What has the council done to ensure that everyone who has access to a Croydon park also has access to its online survey about our greeen spaces?
CROYDON COMMENTARY: Is the council’s consultation on green spaces simply an exercise in providing planners with excuses to build on our less-loved parks? KIRSTIE SMITH, for one, is cynical about the exercise, which she says potentially excludes a large number of park-users
Football. Walking the dog. Keep fit. Playing the bongos. Riding the zip wire. Cricket. Rugby. Riding a bike. Going for a stroll. Having a picnic. Kids playing in the play park.
All these activities take place in my local green space. I am sure there are other activities, too, which gives an idea of how versatile, and important, our green spaces are.
Croydon Council is running a consultation on our local green spaces. They want to know which ones are important to us and why. The council says it’s in the early stages of a review, and it has a short survey online where residents are asked to select the local green space they are interested in. You can submit more than one park or green space, but it is one survey per green space, so you could be there for a while if you think more than one is important.
The survey asks you to state why the park or green space is important to you and what you do there. The council says the point of this is “…to determine areas of green space that could be granted a planning designation that would offer some protection to the site – the more evidence we receive from the community the more informed the Local Plan evidence base will be.”
The council says that it wants to protect important green spaces.

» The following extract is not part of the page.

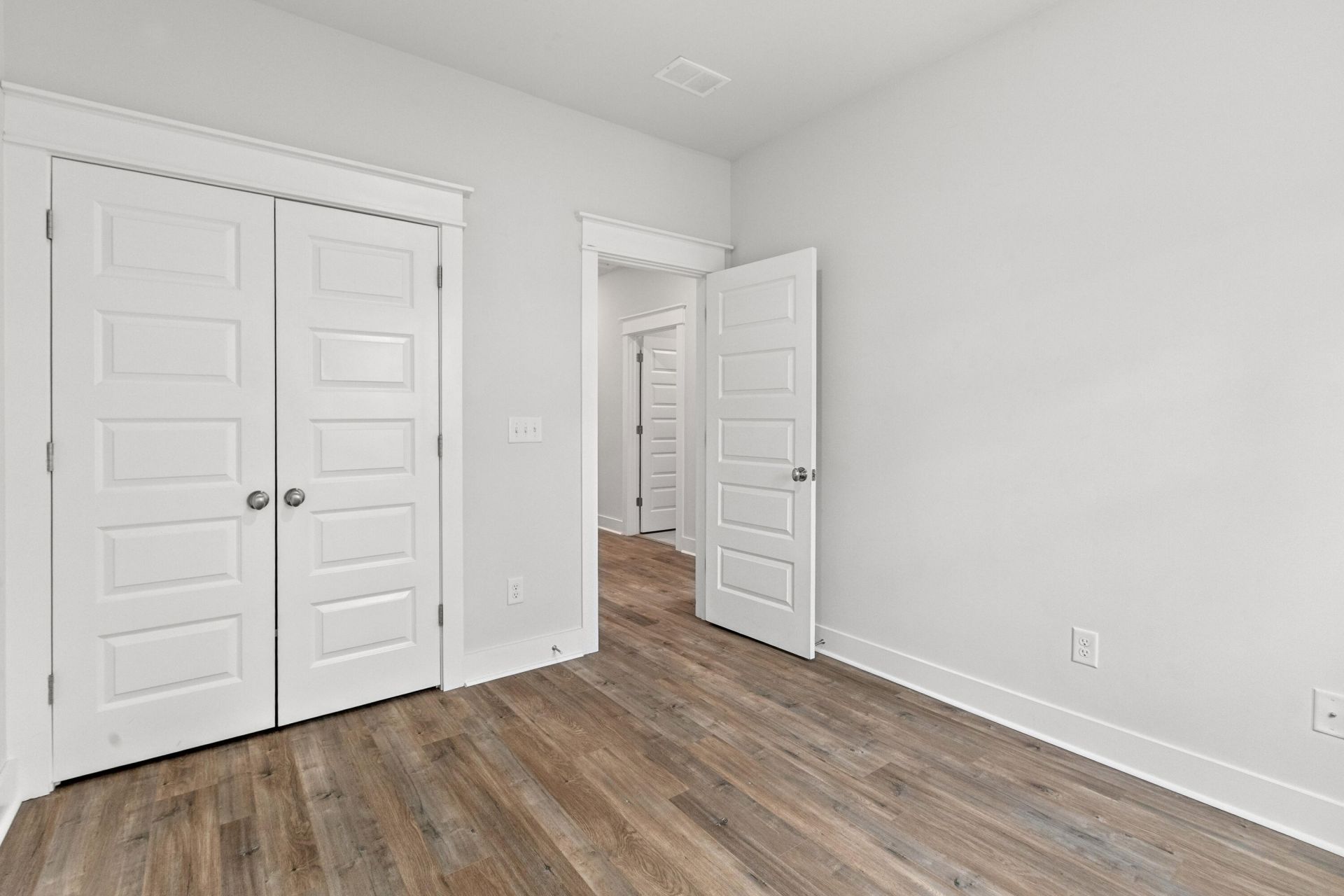 804 Kings Oak Court Photo 26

However, I’m cynical, and the sentence “…currently there are no planning applications for any of the mapped sites” is concerning.
The “currently” could be interpreted as “if you don’t tell us about green spaces that are important, we can add them to our list of sites to build on”.
Given that, when I logged on to the council’s website, directly under the green spaces survey was also a “call for sites (development)”, it seems fair to suspect that, in the minds of council planners and some councillors, the two things do go together.

There’s plenty of green spaces listed in the council consultation, and many others which are not listed but which can be mentioned in the survey
So who are local green spaces important to? Me, you, the children, the elderly, those whose mobility isn’t quite so good. Being local means that these members of the community can still get out, watch and listen to nature, walk the dog, or maybe just sit in the fresh air.
Local means the community can access it easily, there is no need to get the bus or drive the car to engage with nature in whichever way they choose to.
For the council to understand which green spaces are important (all of them?) and why, along with what matters to its residents and why then surely it should be inclusive and ask everyone.
This consultation is online and I haven’t seen any evidence of it being advertised on leaflets through my door, or a letter with a paper questionnaire and a reply envelope.
Even today, in 2019, there are many people that are not online, for a whole host of reasons. They might be enthusiastic park users, but lack the hardware or the broadband connection to express that enthusiasm in an online survey taking up to 10 minutes.
How can they access this and have their say?